Benedict Cumberbatch thinks homophobia is “shocking and terrifying”.
The 38-year-old actor depicts Alan Turing in new historical biopic, The Imitation Game. Alan was an openly gay British mathematician who is credited with ending World War II after cracking the Nazi’s nearly indecipherable military code, but he subsequently died at the age of 41 in 1954 from cyanide poisoning. Alan was prosecuted for homosexuality in the UK in 1952 and he accepted oestrogen injections as punishment for the crime, a practice Benedict thinks is beyond reprehensible. “And it’s still going on in North America with the Christian far right! There are courses and doctors and meds handed out to ‘cure’ people of their homosexuality, and it’s shocking that it still goes on,” he lamented to The Daily Beast.
‘There are courses and doctors and meds handed out to ‘cure’ people of their homosexuality’
“It’s also shocking that any time there’s any kind of hardship, the minorities are immediately scapegoated — and that includes homosexuals in Russia, the Golden Dawn in Greece. The Golden Dawn came out of a financial crisis and people wanted answers, and the minute you start stirring up nationalistic feelings, minorities are the first people to get it because they’re the easiest to scapegoat. It’s terrifying.”
But Benedict has hope the world will turn a corner culturally.
He believes it’s now apparent most of society is no longer interested in divisiveness.

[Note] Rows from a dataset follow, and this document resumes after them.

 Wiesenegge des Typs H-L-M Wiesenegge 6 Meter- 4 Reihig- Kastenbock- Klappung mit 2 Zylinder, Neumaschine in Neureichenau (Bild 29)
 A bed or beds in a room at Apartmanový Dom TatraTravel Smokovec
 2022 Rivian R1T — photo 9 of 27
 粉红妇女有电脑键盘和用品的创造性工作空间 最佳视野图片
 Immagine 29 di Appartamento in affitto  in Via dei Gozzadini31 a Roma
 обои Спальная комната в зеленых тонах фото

“It’s interesting: Outsiders are becoming mainstream. That’s the truth,” Benedict said. “You see it in culture, as well. Bryan Singer’s X-Men series is an entire celebration of what oppressed minorities are capable of. I think that’s a really healthy thing that’s happening in our culture. We have a lot more unlikely heroes now. It’s not just the guy with guns—it’s the guy with brains.”
The Imitation Game will be released in the US and UK this November.